Какой же получилась она? Ведь именно ее вы держите в руках и уже раскрыли... Наверно, главное в ней - предлагаемая автором для обдумывания мысль о том, что если из кровожадного волка смогла в результате общения с человеком получиться собака, то уж тем более мог и может стать домашним животным медведь, зверь, по сути, мирный, притом едва ли не вегетарианец. Об этом, как вы увидите, говорит один из персонажей книжки, а вторит ему чуть ли не буквально такими же словами, в тех же выражениях - другой персонаж в другом рассказе.
Мотивы доброго отношения к лесному зверью, уважительного и заинтересованного взгляда на жизнь близких к человеку - по крайней мере, по месту обитания - животных, на самоё окружающую нас жизненную среду, природу звучат отчетливо, настойчиво в любом из рассказиков, составляющих книжку.

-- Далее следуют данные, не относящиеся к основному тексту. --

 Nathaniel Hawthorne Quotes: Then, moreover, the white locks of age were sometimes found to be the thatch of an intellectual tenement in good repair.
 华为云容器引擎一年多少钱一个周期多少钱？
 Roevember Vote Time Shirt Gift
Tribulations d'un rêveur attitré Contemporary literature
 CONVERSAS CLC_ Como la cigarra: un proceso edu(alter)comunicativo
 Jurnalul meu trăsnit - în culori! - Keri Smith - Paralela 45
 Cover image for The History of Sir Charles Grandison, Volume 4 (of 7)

В начале ожидает вас хорошо знакомая вам сказка о медведе на "липовой ноге", но рассказанная так, как вам не приходилось ее слышать, а как слышал ее маленький Леша Кожевников от своей бабушки. В новеллках "Медведь-оборотень" и "Медведь-пчеловод" вы познакомитесь с некоторыми забавными ребячьими и медвежьими проказами и проделками. О том, как люди старались сделать и делали из медвежат, а то и из медведей себе друзей и помощников, узнаете из таких миниатюр: "С медведем вокруг света", "Медведь-поджигатель", "Медведь-строитель", "Медведь, обутый в капкан", "Медведь-геолог", "Медведь тунгусский", "Медведи-ключники". Может быть, и вас, как и меня, растрогает в этой новеллке попытка автора или выведенных в ней людей проникнуть во внутренний мир двух медвежат, понять ход их "мыслей"... В иных рассказиках найдете вы то трогательные, то потешные эпизоды, но все время автор будет настраивать вас на то, чтобы вы стремились понять, разгадать, почувствовать побуждения, которые руководят животными в разные моменты и при разных обстоятельствах их жизни.

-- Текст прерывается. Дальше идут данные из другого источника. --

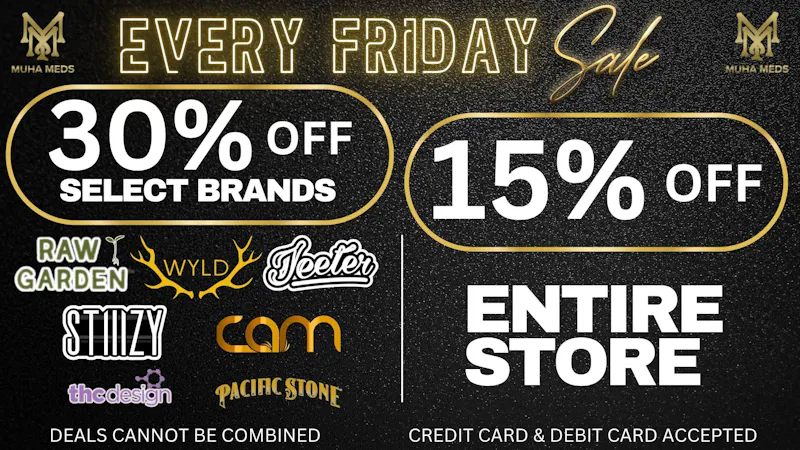 Muha Meds Westwood 15% OFF STOREWIDE EVERY FRIDAY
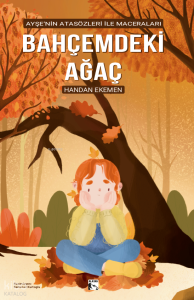 Bahçemdeki Ağaç;Ayşe'nin Atasözleri İle Maceraları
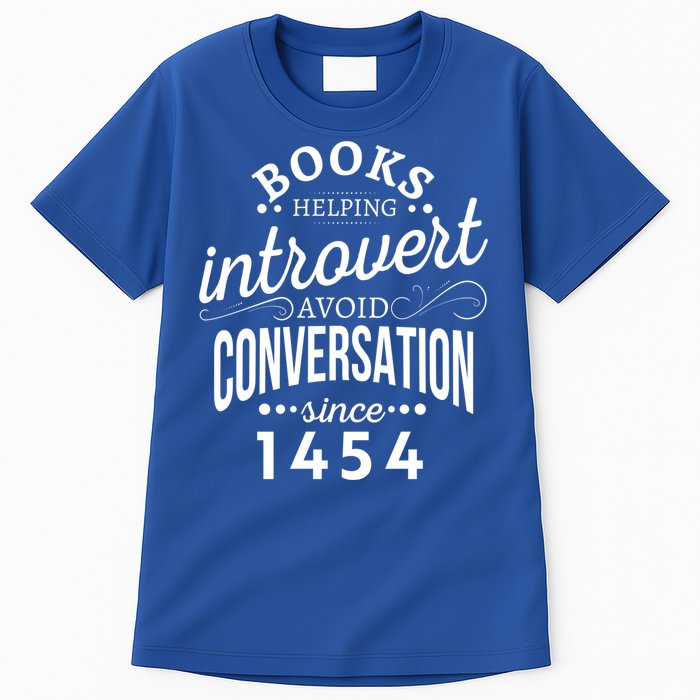 Books Helping Introvert Avoid Conversation Since 1454 Gift Tall T-Shirt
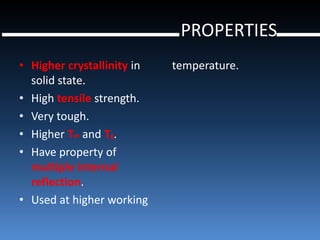 PROPERTIES
• Higher crystallinity in   temperature.
  solid state.
• High tensile strength.
• Very tough.
• Higher Tm and Tg.
• Have property of
  multiple internal
  reflection.
• Used at higher working
 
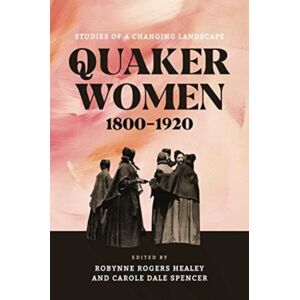 Pennsylvania State University Press Quaker Women, 1800–1920 : Studies Of A Changing Landscape Pennsylvania State University Press Quaker Women, 1800–1920 : Studies Of A Changing Landscape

На некоторых страницах встретите вы имена тех, кто впоследствии станут героями таких произведений Алексея Венедиктовича Кожевникова, как роман "Иван - Пройди свет". Там в главные герои вышел лоцман Иван Рогоманов (из рассказа "Медведь тунгусский", где мы видим его помощником лоцмана), или роман "Солнце ездит на оленях", в котором среди наиболее колоритных персонажей встретится вам тот самый Колян, с чьим детством вы познакомитесь в одном из рассказов...
Надеюсь, вам интересно будет читать эту книжку "про медведей и медведиц". Уверен, что она будет вам полезной. Хочу - как, думаю, хотел этого и автор ее, - чтобы она хорошо повлияла на ваши души.

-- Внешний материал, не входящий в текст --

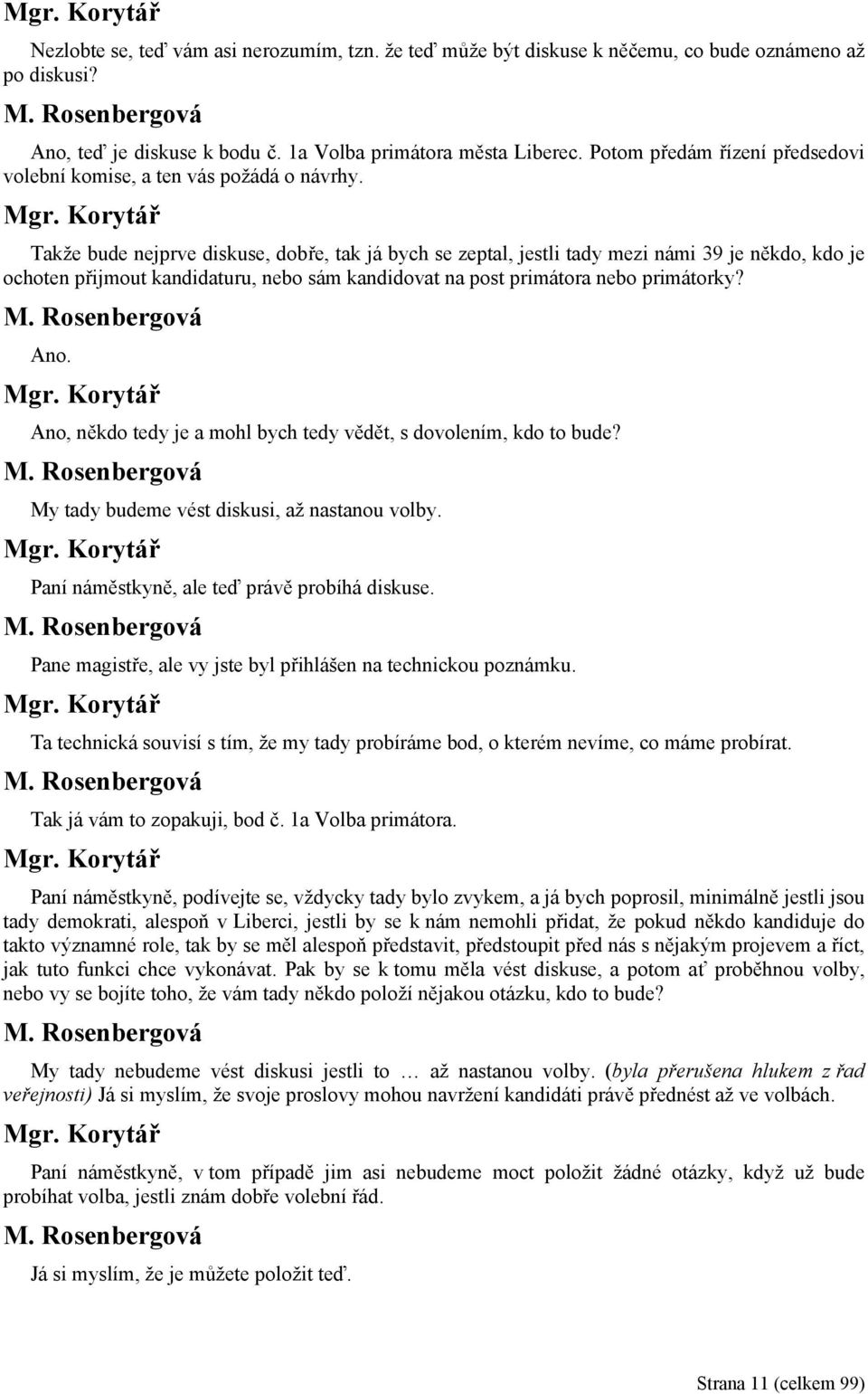 Takže bude nejprve diskuse, dobře, tak já bych se zeptal, jestli tady mezi námi 39 je někdo, kdo je ochoten přijmout kandidaturu, nebo sám kandidovat na post primátora nebo primátorky? Ano.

И не подумается ли вам о том, так ли уж взбалмошна мысль, которую дано в книжке высказать старому каюру Тойчуму: " - А пошто не попробовать. Тойчум давно думал об этом. - Медведь и собака близкие сродники: одинаково четырехлапы, безроги... Все собаки зарабатывают себе хлеб: сторожат, охотничают, возят... А пошто не работать медведю? Ноги есть, сила есть. Волк злей, кровожадней медведя. Да люди сделали из него своего лучшего друга - собаку..." Гойчум, как вы увидите, делом подкрепил свои предположения. То же сделал и Ванька Уздяков, о котором рассказано в другой новеллке, сосед и приятель Леши Кожевникова. Когда приятели встретились уже взрослыми, Иван показал Алексею своего друга и помощника - медведя, с которым обошел немало городов и сел, и изложил свои заветные убеждения: "Аюди зря воюют с медведями. Надо, наоборот, дружить. Будет лучше тем и другим. Приручили же, прикормили волка, сделали из него друга себе, собаку. А медведь смирней волка, его приручить легче. Волк постоянно живет на мясе. А медведь, как человек, ест все: грибы, ягоды, всякие коренья, овощи, на домашний скот нападает только по злой нужде. И пользы от медведя будет куда больше, чем от собаки, даже от лошади. Медведь может возить и в упряжке и верхом, таскать в лапах, по лестницам. Медведь многое может".
Бесспорны ли, не вызовут ли возражения эти суждения? Одно можно утверждать с уверенностью, одно хочется в заключение подчеркнуть: чувства это произведение пробуждает добрые!